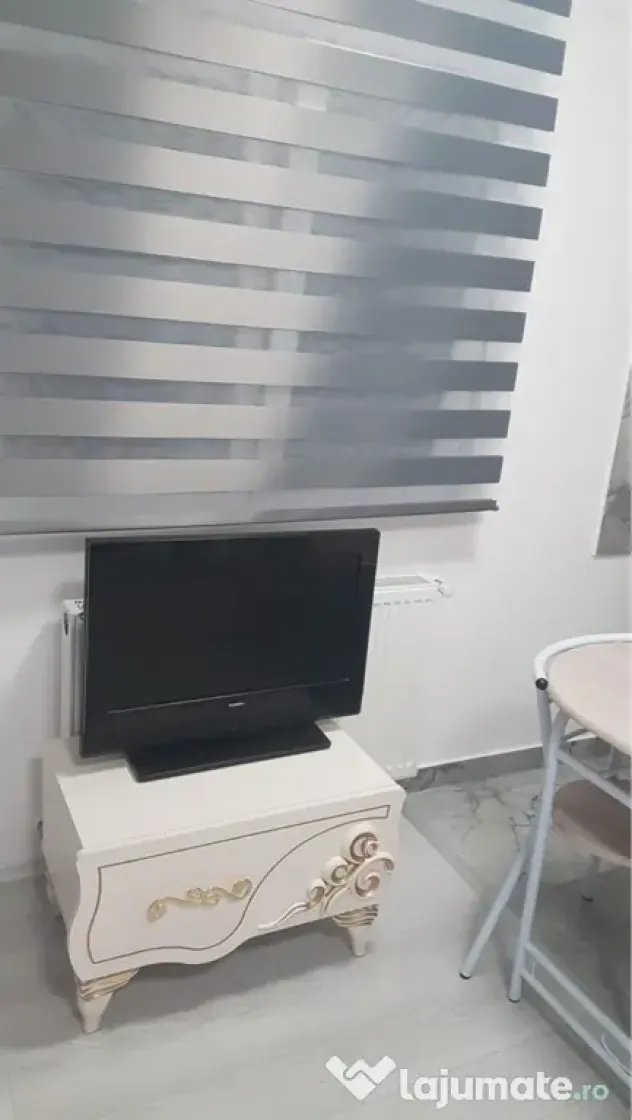 Ofer spre inchiriere garsoniera la casa cu facturi incluse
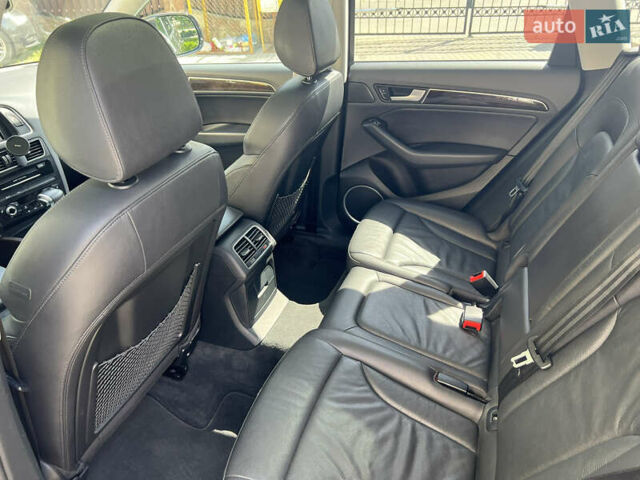 Сірий Ауді Ку 5, об'ємом двигуна 1.98 л та пробігом 202 тис. км за 16799 $, фото 19 на Automoto.ua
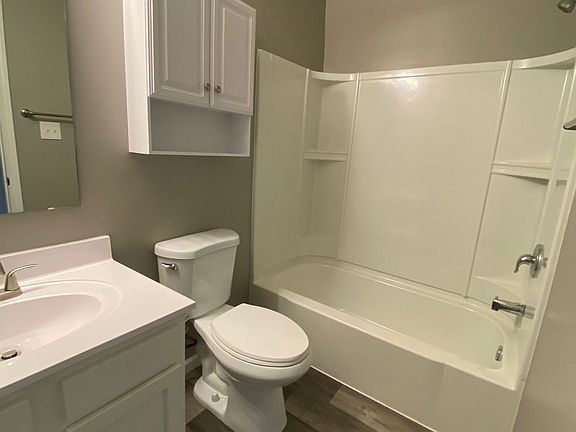 5th image of 101 Timber Ridge Dr #113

# Task details
Write the data above out again exactly, minus its pictures.

# Task response
 Ofer spre inchiriere garsoniera la casa cu facturi incluse
 Сірий Ауді Ку 5, об'ємом двигуна 1.98 л та пробігом 202 тис. км за 16799 $, фото 19 на Automoto.ua
 5th image of 101 Timber Ridge Dr #113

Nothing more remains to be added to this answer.